Receipt of Stock by Stock Holding Company
The Federal Tax Opinion concludes that pursuant to IRC Section 1032(a), Stock Holding Company will not recognize gain or loss upon the receipt of Stock Bank common stock from MHC. Wisconsin has adopted IRC Section 1032 without modification and therefore should afford this transaction the same treatment.
Issuance of Common Stock by Stock Holding Company Pursuant to Stock Offering
The Federal Tax Opinion concludes pursuant to IRC Section 1032 that no gain or loss will be recognized by Stock Holding Company upon receipt of money in exchange for its common stock issued pursuant to the Stock Offering. As noted previously, Wisconsin has adopted IRC Section 1032 without modification and should treat the transaction in the same manner.
Exchange of Deposit Accounts
The Federal Tax Opinion concludes that pursuant to IRC Section 1001(a), no gain or loss will be recognized by Eligible Account Holders, Supplemental Eligible Account Holders, or Other Members of Bank upon receipt of deposit accounts in Stock Bank in the same amount and upon the same terms and conditions in exchange for their deposits accounts in Bank held immediately prior to the Conversion.

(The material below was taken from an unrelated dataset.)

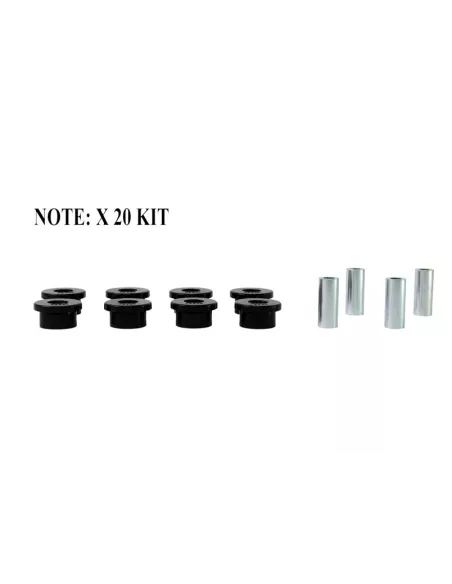 Kit silent bloc polyuréthane Nolathane tirants pont arrière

Wisconsin has adopted IRC Section 1001 without modification and therefore should accord the same treatment to such exchange.
Receipt of Subscription Rights
The Federal Tax Opinion concludes that Depositors of Bank will recognize gain upon the receipt of subscription rights to acquire Common Stock of Stock Holding Company in the Stock Offering in an amount equal to the fair market value of the subscription right(s) received.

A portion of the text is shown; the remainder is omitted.